Your objective ▸ Please reproduce the data exactly, excluding any pictures it contains.

Dataset section ▸
════════

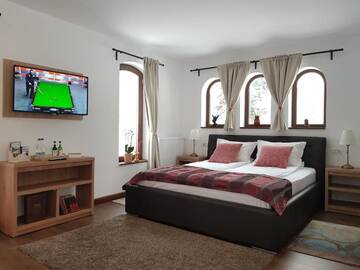 Фото номера Люкс с балконом Гостевой дом Alfinio Villa г. Синая 8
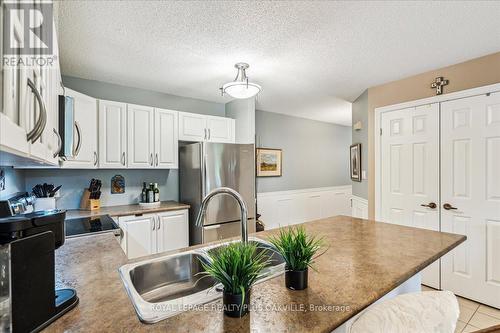 324 - 2030 Cleaver Avenue, Burlington, ON - Indoor Photo Showing Kitchen With Double Sink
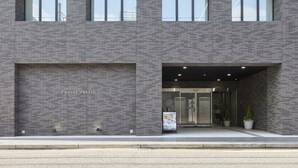 A modern building with a brick facade, large windows, and a glass entrance. - SHIZUTETSU HOTEL PREZIO Hakata-Ekimae (Fukuoka)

════════

Answer below ▸
 Фото номера Люкс с балконом Гостевой дом Alfinio Villa г. Синая 8
 324 - 2030 Cleaver Avenue, Burlington, ON - Indoor Photo Showing Kitchen With Double Sink
 A modern building with a brick facade, large windows, and a glass entrance. - SHIZUTETSU HOTEL PREZIO Hakata-Ekimae (Fukuoka)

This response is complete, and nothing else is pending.